[lbo-talk] Continuing China fever

Marvin Gandall marvgandall at rogers.com
Mon Aug 9 15:37:16 PDT 2004


----- Original Message ----- From: <uvj at vsnl.com> To: "lbo" <lbo-talk at lbo-talk.org> Sent: Monday, August 09, 2004 12:48 PM Subject: Re: [lbo-talk] Continuing China fever


> Marvin Gandall wrote:
>
> >But the parallel
> > rapid development of the Chinese domestic market lends support to the
view
> > that if the 19th century belonged to Britain and the 20th century to
theUS,
> > the 21st may well belong to China.
>
> The question is whether China can be regarded as an independent/sovereign
> nation. Moreover, China is not even a liberal democracy. It's hard to see
how China can dominate the world, if the Chinese state can not hegemonise the Chinese society.
>
> Ulhas

------------------------------------------

Why would you question whether China is an independent state? Because of the extent of foreign direct investment?

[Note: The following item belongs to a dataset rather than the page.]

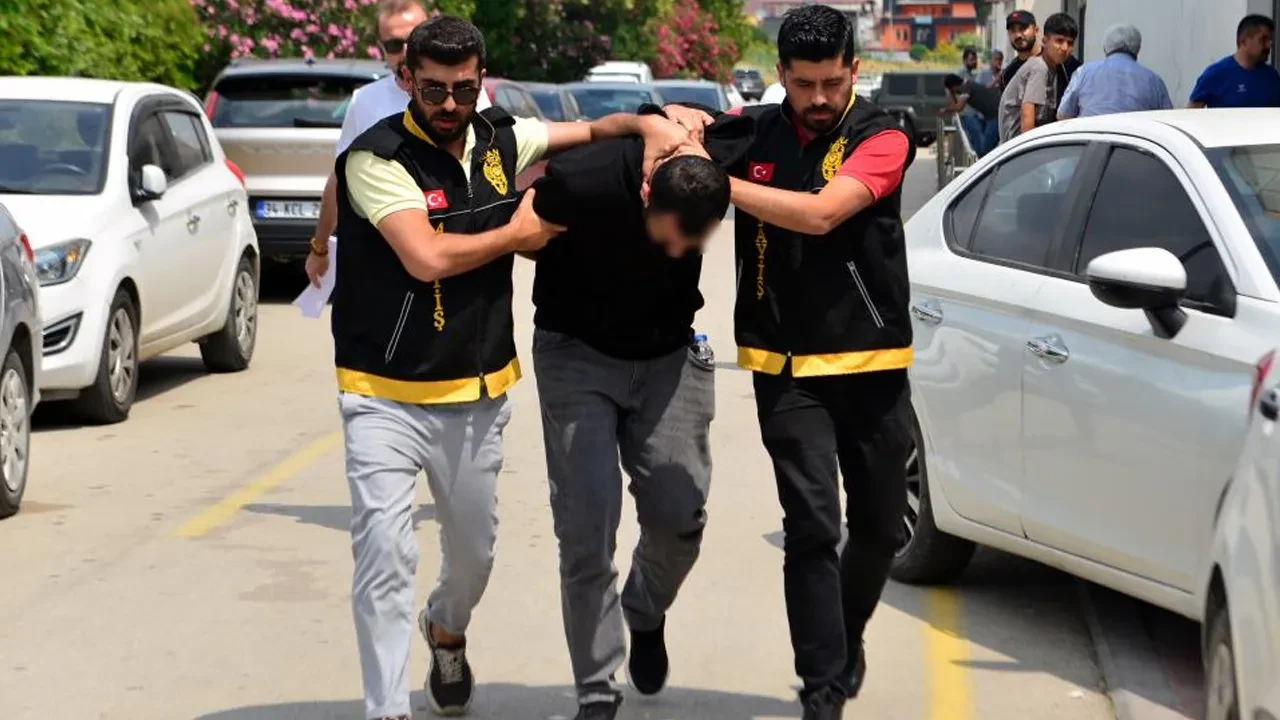 Adana'da aldığı araç arızalı çıkınca sahibini öldürüp Mersin'deki dağ evine kaçtı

Autonomy pressures from the coastal provinces? By these criteria, China is certainly as independent as the US was in the 19th century, when the latter imported much of its capital and technology from Britain, and where freedom from federal intervention was jealously guarded to the point of civil war. In fact, I think it would be generally accepted that the power of the Chinese government to regulate the private sector and "hegemonize" the regions and popular institutions is still much greater than what existed in the US in the period of its rapid industrialization, and even since.

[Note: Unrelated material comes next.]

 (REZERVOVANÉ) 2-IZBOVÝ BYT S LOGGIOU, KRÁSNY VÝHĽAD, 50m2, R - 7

So it is not, as you say, a liberal democracy, but not everyone is in agreement that economic progress is only possible under this form of government. If the historic pattern holds, I think China could develop into a mature bourgeois democracy when a mass independent trade union movement forms, likely out of an economic downturn. Independent trade unions engage in political action to win and defend their right to organize and bargain, either on their own behalf as social democratic and labour parties, or as an adjunct of a bourgeois-led reformist party as in the US. In the absence of this kind of worker-based party, there is currently no alternative for the emerging capitalist class in China to gain political influence except through the CCP, and the one-party state remains entrenched.

Anyway, this is just speculation, based on the development of mass-based liberal democracy in the West. I'm no China expert, although at least in relation to your point about it not being a sovereign nation, I don't think you have to be one. But maybe I've misunderstood what you were driving at.